Segment Start: Records provided

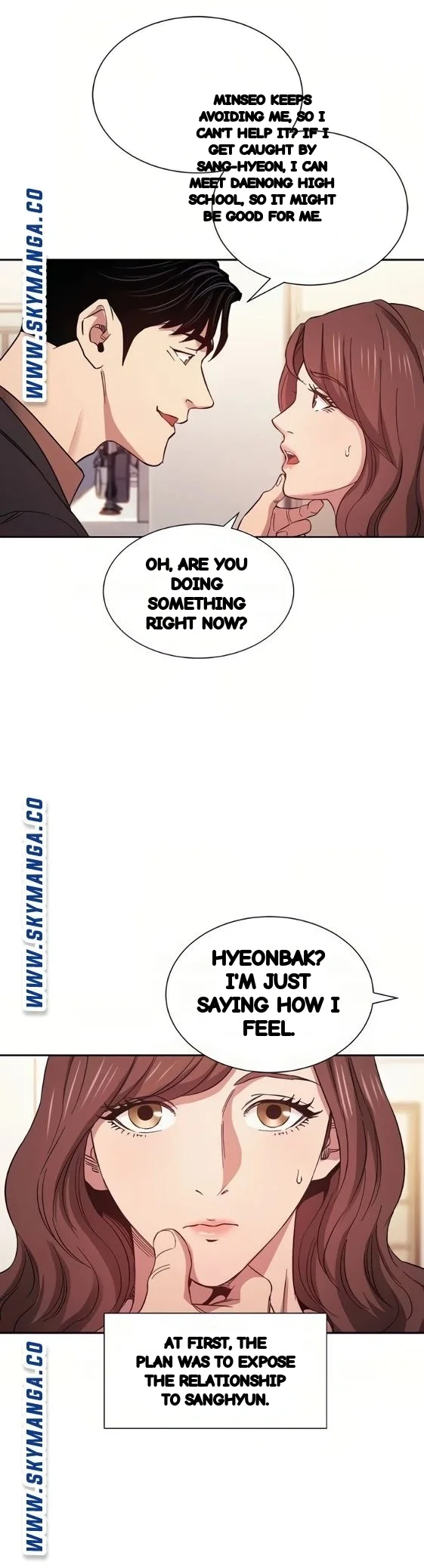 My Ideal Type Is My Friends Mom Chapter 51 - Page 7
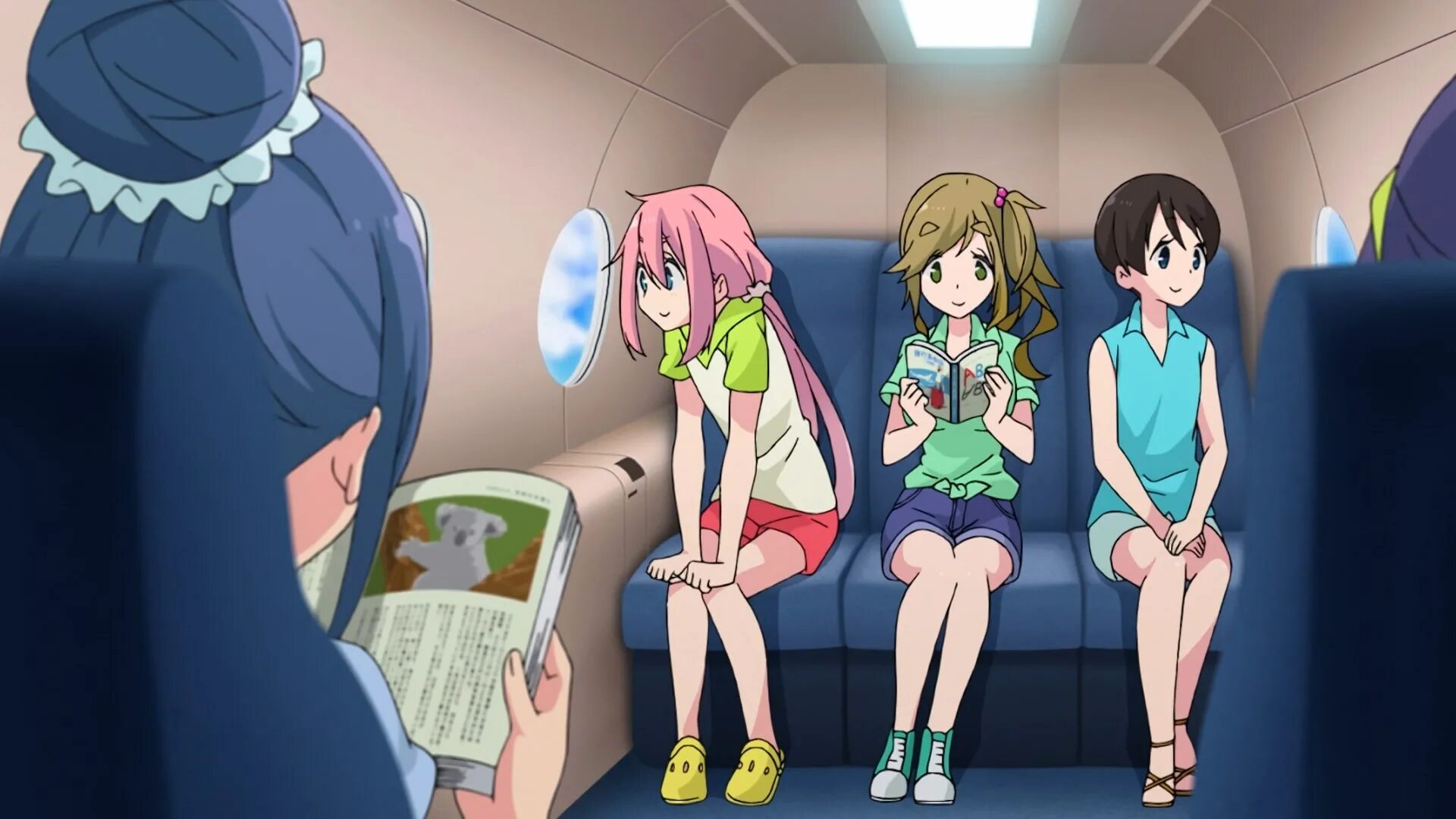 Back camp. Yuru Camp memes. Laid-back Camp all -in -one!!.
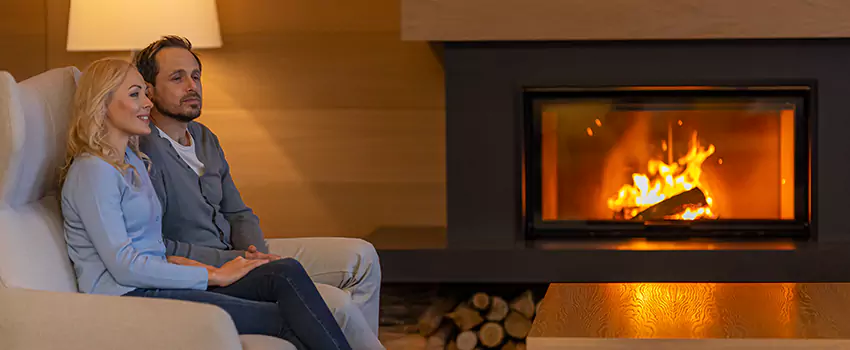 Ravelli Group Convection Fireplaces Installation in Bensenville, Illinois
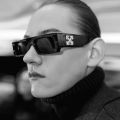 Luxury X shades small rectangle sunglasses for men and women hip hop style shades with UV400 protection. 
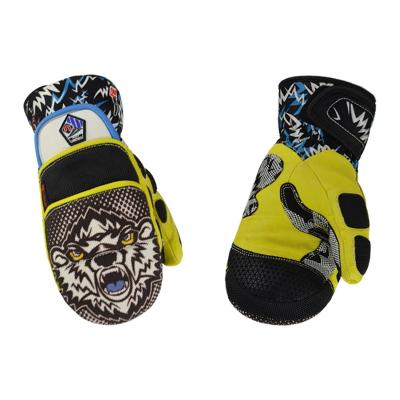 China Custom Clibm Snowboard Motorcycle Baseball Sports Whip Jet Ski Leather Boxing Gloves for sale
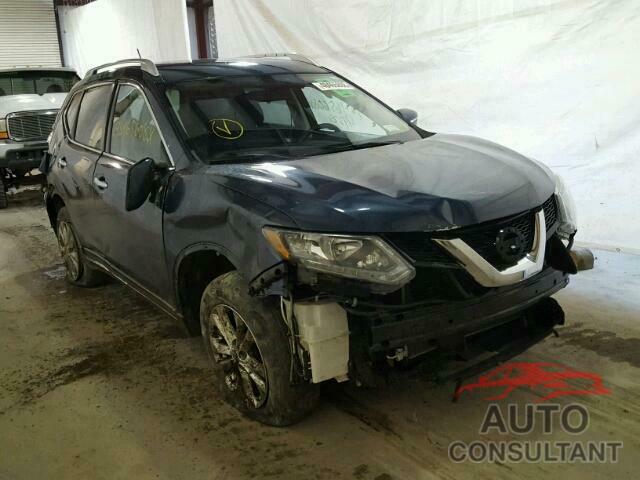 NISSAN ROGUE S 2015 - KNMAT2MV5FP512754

Segment End: Records provided
Segment Start: Records provided

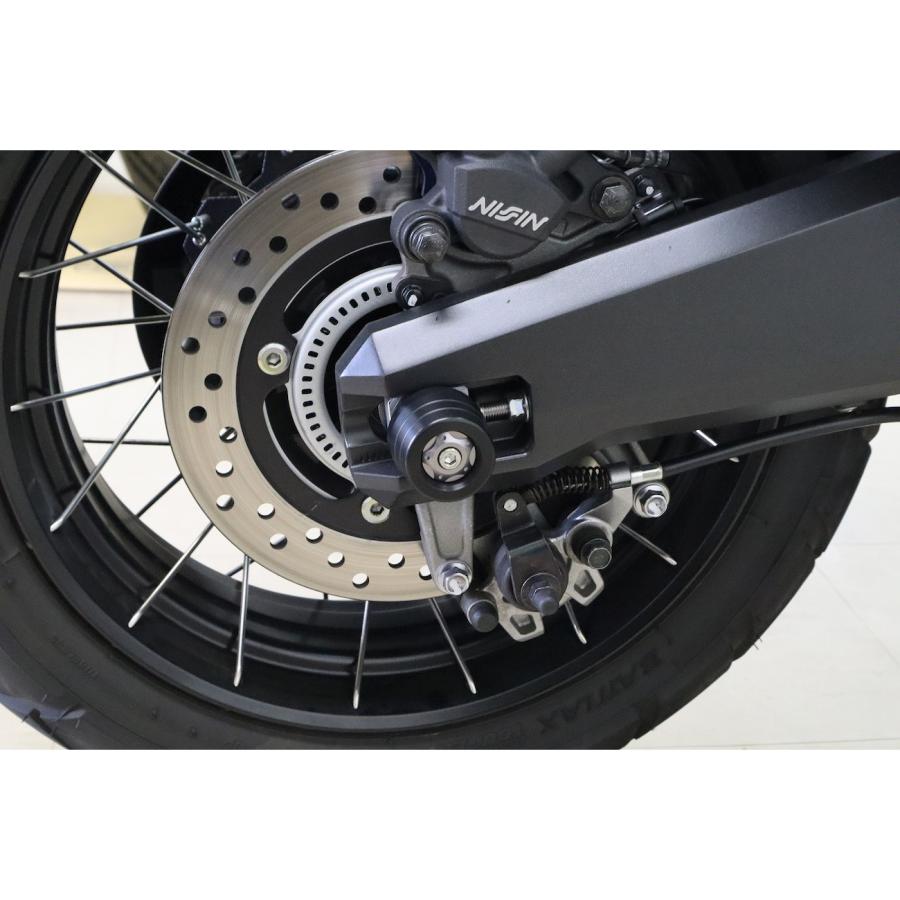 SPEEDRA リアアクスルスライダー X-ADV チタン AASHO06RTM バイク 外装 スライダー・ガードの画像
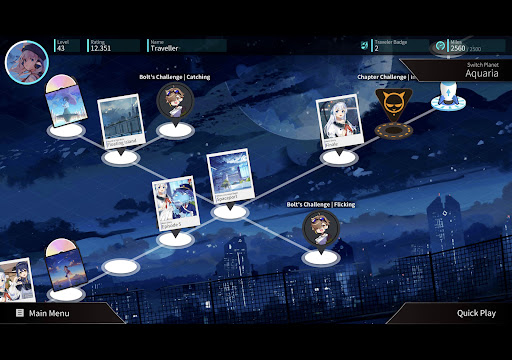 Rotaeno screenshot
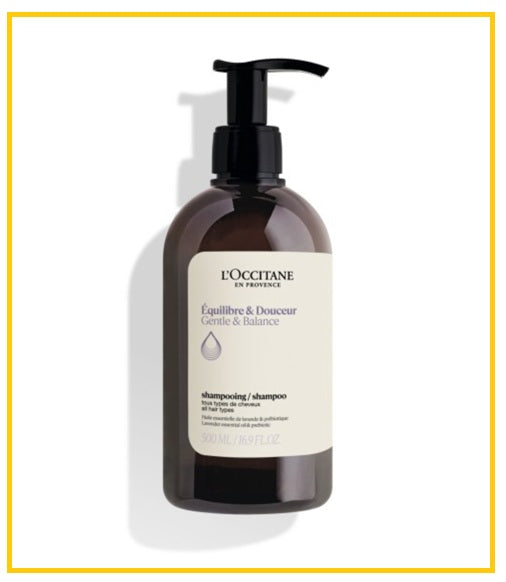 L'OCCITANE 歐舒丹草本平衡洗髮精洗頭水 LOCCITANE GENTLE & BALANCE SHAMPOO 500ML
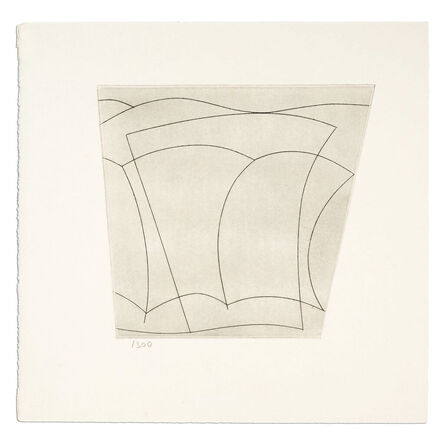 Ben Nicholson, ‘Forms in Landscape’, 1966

Segment End: Records provided
Segment Start: Records provided

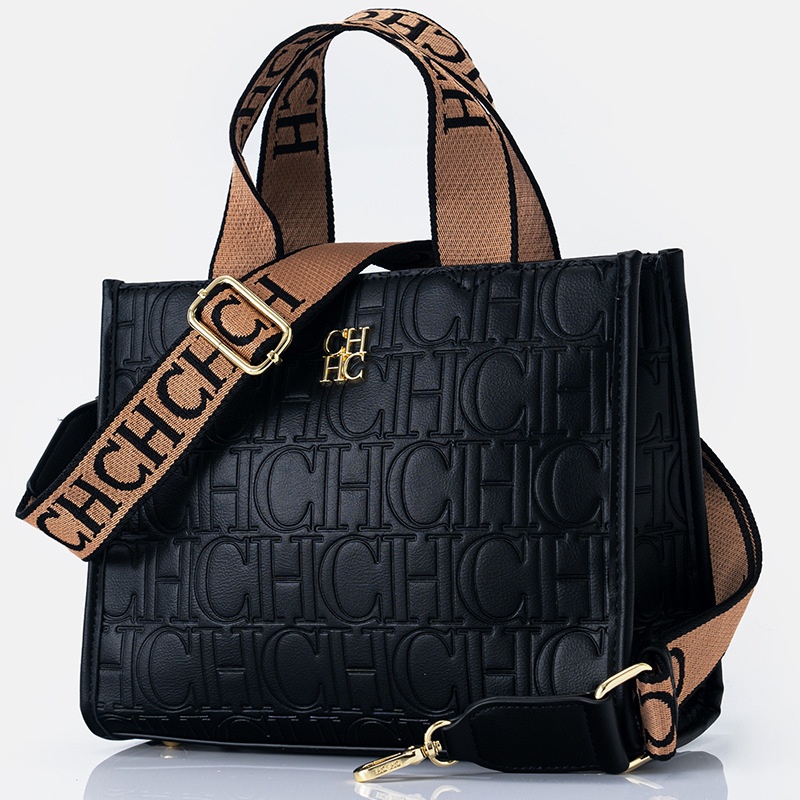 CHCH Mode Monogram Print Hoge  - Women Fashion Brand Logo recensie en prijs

Segment End: Records provided

> [What the exercise asks]:
Only the lines starting at the one with "My Ideal Type" and ending at the one with "Luxury X shades" should be printed, each exactly as it appears in the material above; the pictures are to be omitted.

> [Solution to this exercise]:
 My Ideal Type Is My Friends Mom Chapter 51 - Page 7
 Back camp. Yuru Camp memes. Laid-back Camp all -in -one!!.
 Ravelli Group Convection Fireplaces Installation in Bensenville, Illinois
 Luxury X shades small rectangle sunglasses for men and women hip hop style shades with UV400 protection. 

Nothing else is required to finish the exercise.